In [1]:
import firebase_admin
from firebase_admin import credentials, firestore
import geopy.distance
from sklearn.ensemble import RandomForestClassifier
import pickle
import pandas as pd
from datetime import datetime
from geopy.geocoders import Nominatim
from sklearn.preprocessing import LabelEncoder

# Initialize Firebase Admin SDK
def initialize_firebase():
    try:
        if not firebase_admin._apps:
            cred = credentials.Certificate('serviceAccountKey.json')
            firebase_admin.initialize_app(cred)
        else:
            print("Firebase already initialized.")
    except Exception as e:
        print(f"Error initializing Firebase: {e}")

initialize_firebase()

# Initialize Firestore client
db = firestore.client()

In [2]:
# Fetch Employees & Job Sites
employees = [doc.to_dict() for doc in db.collection('employees').stream()]
job_sites = [doc.to_dict() for doc in db.collection('job_sites').stream()]

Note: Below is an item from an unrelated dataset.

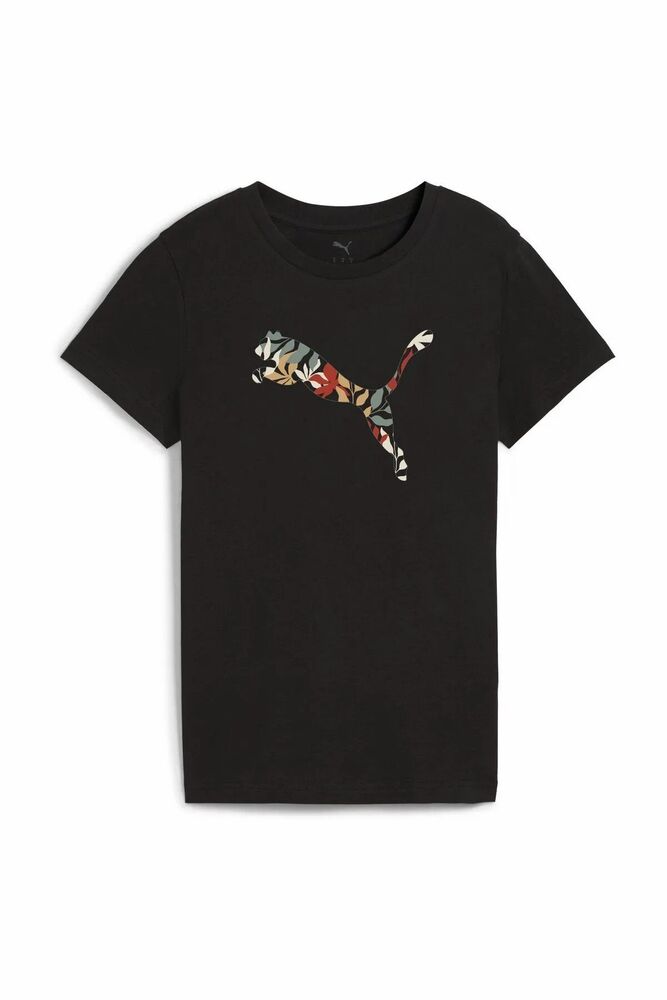 Puma Graphıcs Floral Cat Logo Kadın Tişört 68508101 - 1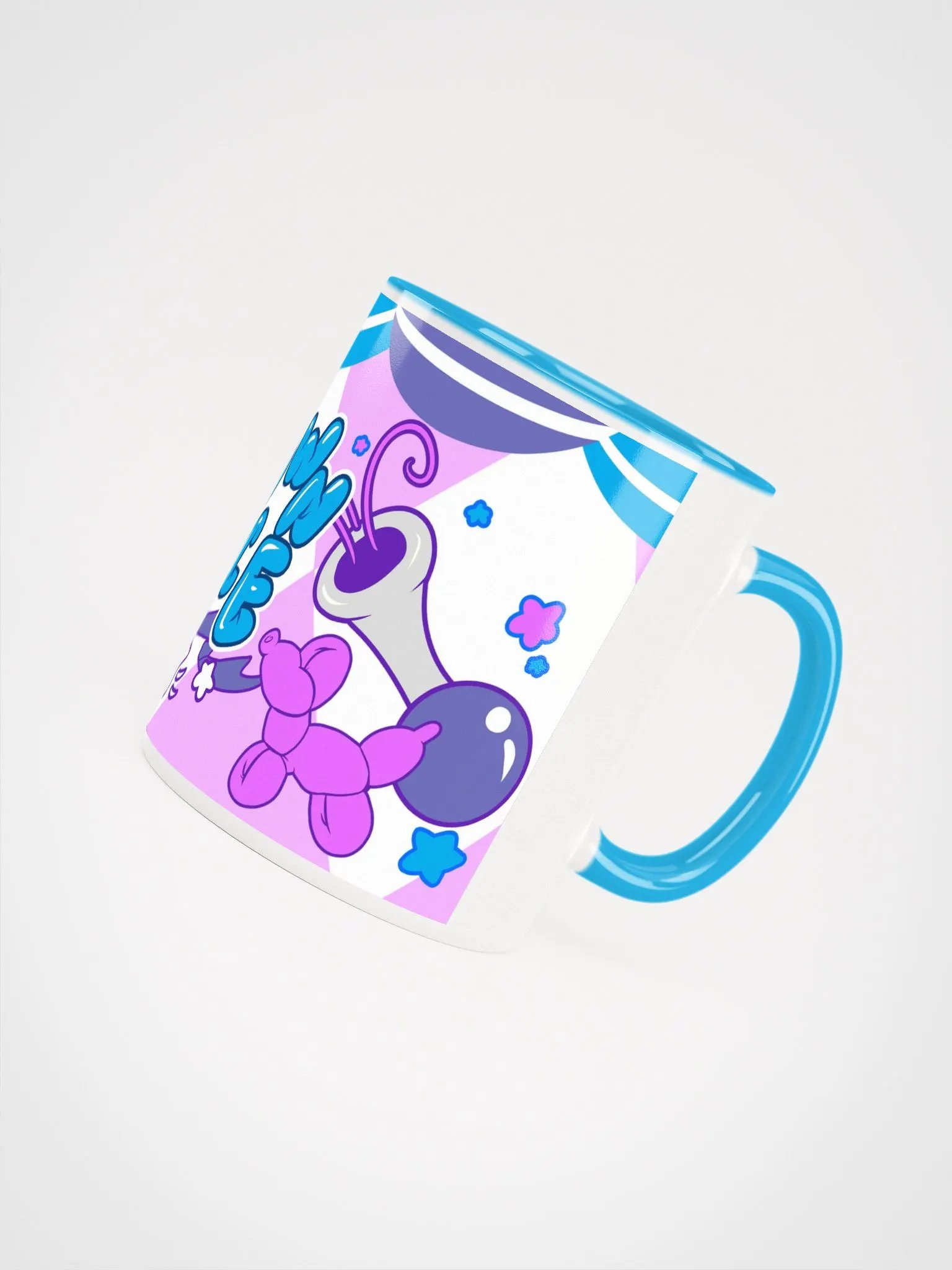 Candy Jester Clown Juice Mug product image (7)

print(f"📋 Employees Loaded: {len(employees)}")
print(f"🏗️ Job Sites Loaded: {len(job_sites)}")

📋 Employees Loaded: 50
🏗️ Job Sites Loaded: 4


In [3]:
import time
import googlemaps
from geopy.geocoders import Nominatim
from geopy.exc import GeocoderTimedOut
import re

# ✅ Replace with your actual Google API key (Secure this key in production!)
GOOGLE_API_KEY = "AIzaSyADgR5Y3ARu69ClnxiAJ2XN5XZQ7OaY_0E"
gmaps = googlemaps.Client(key=GOOGLE_API_KEY)

# ✅ Initialize OpenStreetMap (OSM) as a backup geocoder
geolocator_osm = Nominatim(user_agent="optishipp_geocoder")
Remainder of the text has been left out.